Augusto Ángel (1932-2010), filósofo ambiental colombiano, creador del pensamiento ambiental como posibilidad de reunir lo escindido, exhorta a comprender lo humano como emergente de la naturaleza, como naturaleza misma; propone que este regreso se realice introduciendo en los estudios ambientales su propuesta “ecosistema-cultura” (1996: 93), que es la propuesta de investigación ambiental donde pueden comprenderse los problemas ambientales a partir de la relación entre las diversas culturas con sus ecosistemas. Para Ángel Maya (1996), la cultura no es una creación de la sociedad sino una red simbólica emergente de la naturaleza, de la cual emerge lo humano. La sociedad (categoría de la sociología moderna desde el siglo xviii), es una construcción cultural, que genera transformaciones culturales; pero es la cultura no como sustantivo, sino como hacer, crear, imaginar, pensar, la que construye, deconstruye y reconstruye sistemas de organización social, desde la perspectiva del pensamiento ambiental. La educación (ambiental), es ante todo una reforma permanente del tejido simbólico de la cultura. Una estética que permita sentir la tierra, sentir de la tierra, sentirse tierra.

Michel Serres (1991), filósofo francés, ecólogo, politólogo, navegante, caminante, matemático y antropólogo, propone otra salida (política) del circuito de los discursos medioambientales internacionales: un cambio en la dirección de la cultura.
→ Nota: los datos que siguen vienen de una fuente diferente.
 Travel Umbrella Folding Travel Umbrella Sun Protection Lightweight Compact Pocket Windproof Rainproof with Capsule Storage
Propuesta subversiva que, en tonalidad similar a la de Augusto Ángel, desenmascara aquello que constituye el suelo de la crisis ambiental: la crisis de una cultura y una civilización, que cree saber la hora gracias a la reducción del mundo de la vida al mundo del cálculo, la producción y la mercancía. Medirlo todo, reducirlo todo a dimensiones, analizar la naturaleza, cuando ella no se puede separar, explicar la vida, siendo ante todo enigmática y misteriosa, reducir a cuentas los procesos de la vida que sólo pueden ser comprendidos a partir de cuentos, relatos, narraciones; ha constituido el proyecto de modernidad. Sin embargo, Serres se atreve a proponer un nuevo contrato en sentido político: el contrato natural. Cree en la posibilidad de un orden jurídico instaurado por la Naturaleza y no por una concepción metafísica de la cultura.
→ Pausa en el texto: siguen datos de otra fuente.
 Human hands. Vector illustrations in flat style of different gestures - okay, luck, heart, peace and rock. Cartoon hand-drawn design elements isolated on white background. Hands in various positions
Edgar Morin (2006) propone una reforma profunda –esta espistemológica y compleja– de nuestras maneras de pensar configuradas a partir de la ficción epistemológica sujeto-objeto, y del pensamiento logocéntrico, reduccionista y lineal. Reformar profundamente el pensamiento exige su descolonización. Pensar complejamente es también, asumir una posición subversiva ente el orden jerárquico, lineal, objetivista y matemático que ha pretendido explicar la crisis ambiental.

Lo común de Augusto Ángel Maya, Michel Serres y Edgar Morin, es que sin declararse decoloniales ni creadores de epistemes-sur, han buscado en el afuera del circuito sujeto-objeto, maneras –otras, ocultadas por el sujeto, el objeto o la verdad modernas, de pensar-nombrar-habitar la tierra–. En estas claves, pensar ambientalmente es pensar el devenir en tiempos geográficos complejos, de las densas relaciones entre los cuerpos entramados de la naturaleza biótica y los cuerpos entramados de la naturaleza cultural (simbólica) en sus mezclas, sus emergencias, sus afectaciones y efectuaciones (Noguera, 2004).
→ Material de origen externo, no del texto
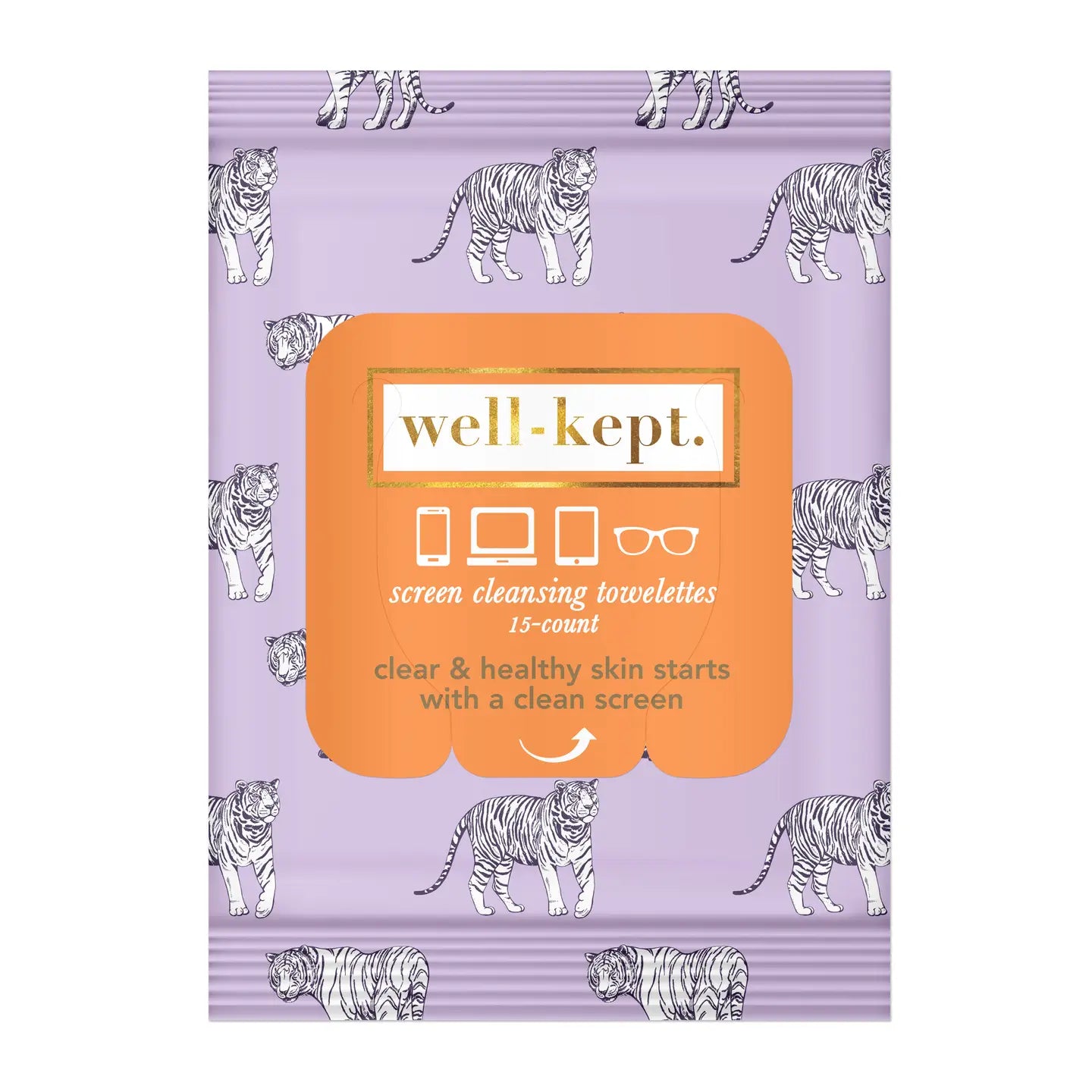 Tiger Pose Screen Cleansing Towelettes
En bucle de complejidad creciente (Morin, 2006) el pensamiento ambiental se ocupa entonces de lo vivo y de la vida en tanto simbólico-biótica (Noguera, 2004). Sin límite entre lo uno y lo otro; sin reducción a lo uno o a lo otro, el pensamiento ambiental es simbólico en tanto manera singular de lo vivo pensado, signado, humanado, cultivado, cuidado y es biótico en tanto manera singular del devenir vida. No es posible el pensamiento ambiental en reducción. Este es más bien, metamorfosis de lo uno en lo otro, ambigüedad, multiplicidad y enigma. Es un pensamiento de la tierra. Un geopensamiento.

La Tierra, en tanto metamorfosis, en tanto transformación continua en la red de acontecimientos, es red de conexiones, plexo de plexos vitales que en su devenir, en su habitarse, y sólo en él enseña cómo habitar. El habitar (Serres, 2011) se convierte así en maneras de crear, transformar, estar, sentir: estesis; pregunta ethos, y conversación principal de las comunidades humanas, labor de lo humano colectivo, sentido estético-político del vivir en geocomunidad.

El escritor y poeta Antonin Artaud, nos regalaría una crítica al concepto de cultura, que nos invita a pensar en nuestras maneras de habitar la tierra:

Se habla de hombre cultivado y de tierra culta y ésto indica una acción, una transformación casi material del hombre y de la tierra. Se puede ser instruido sin ser realmente cultivado. La instrucción es una vestidura. La palabra instrucción indica que uno se ha revestido de conocimientos. […] La palabra Cultura, en cambio, indica que la tierra, el humus profundo del hombre, ha sido roturado (1984: 131).

Entonces, ser humano es ser humus de la tierra. Sin embargo, la humanidad occidental-moderna, nosotros, ¿estamos siendo humus de la tierra?, estamos cuidando la tierra, humus profundo del hombre?, habitamos poéticamente esta tierra?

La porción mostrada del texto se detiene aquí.